2.4 Application methods
The operation of the device contains six steps. The first step is to start the OC to keep the device in a standby state. The second step is to help patients wear and fix the HMCE, and slowly place their head, neck, and upper body on the device. The third step is to adjust the degrees of the PA or the heights of the BP by selecting the automatic or manual option. The fourth step is that the device will automatically open the airway of patients and keep it open when the third step is finished. After this step, some clinical practices, such as tracheal intubation and bronchoscopy, will be routinely performed. When the treatment is completed, the final step is to remove the HMCE, click the reset option, and turn off the power.
2.5 Preliminary application
All experimental protocols were approved by the First Affiliated Hospital of Chongqing Medical University Institutional Review Board (No.
All methods were carried out in accordance with relevant guidelines and regulations.
This study was conducted in the Simulation Teaching Center of Clinical Skills, the First Affiliated Hospital of Chongqing Medical University, and written informed consent was obtained from 15 students in the third year of the Nursing degree.
Before the study started, all participants received standard training on the operation of the device and the one-hand bag-valve-mask (BVM) ventilation skill12,13
in the form of a lecture and teaching lasting about 15 minutes. The participants were then allowed to practice the techniques until they passed muster.
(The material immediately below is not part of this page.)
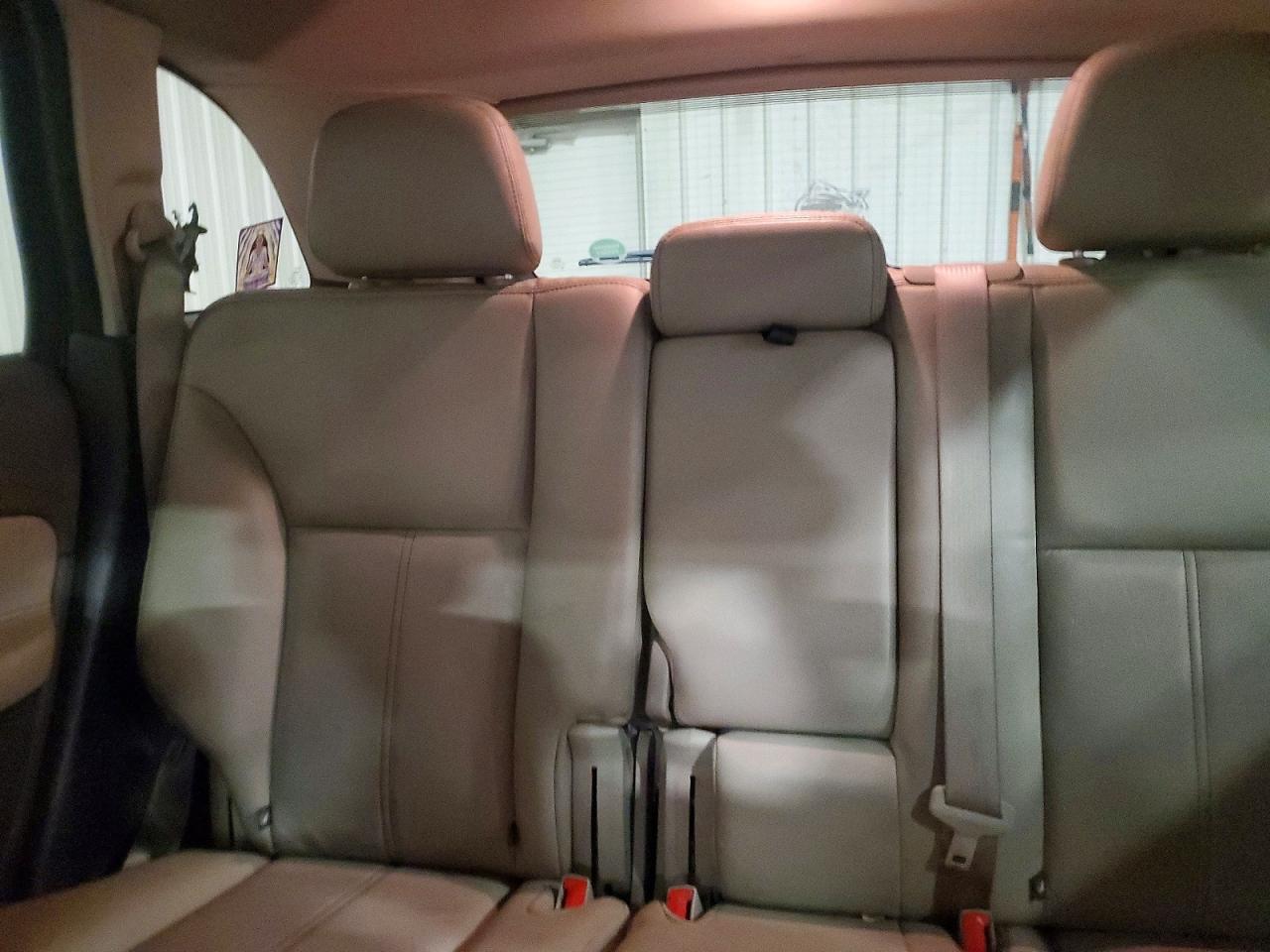2FMDK4JC6EBA98383 · 2014 FORD EDGE · 10/13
According to the basic life support (BLS) guidelines for adult CPR1, participants were required to use the BVM (Adult, Tianzuo, Xiamen, China) to ventilate twice after the airway of opening a Resusci Anne® CPR manikin (Laerdal, Wappingers Falls, NY) once using the device at the degrees of the PA were 90(90° PA group), 95༈95° PA group༉, and 100༈100° PA group༉, respectively. Since one cycle of BLS demands implementing compressions-airway-breathes operations 5 times, so participants repeated these study procedures 5 times.
Therefore, each group of participants used the device to open the airway 5 times and then used the BVM to ventilate 10 times.
The primary outcome was the ventilation success rate of participants. Investigators recorded the number of successful ventilation using a SkillGuide electronic display (Laerdal, Wappingers Falls, NY) that is equipped in the Resusci Anne. Besides, investigators observed whether there are visible fluctuations in the Resusci Anne’s chest, which is considered as a supplementary indication.
2.6 Statistical analysis
Investigators double entered all data into Excel (version 16, 2019, Microsoft, Redmond, WA), and the statistical analyses were performed using SPSS (version 25.0, IBM, Armonk, NY). Normally distributed measurement data were expressed by mean ± standard deviation (± s) while non-normally distributed statistics were displayed as the median and interquartile range (IQR) or proportions. Friedman test was used to compare the differences in the ventilation success rate between the three groups. P < 0.05 was accepted as statistical significance.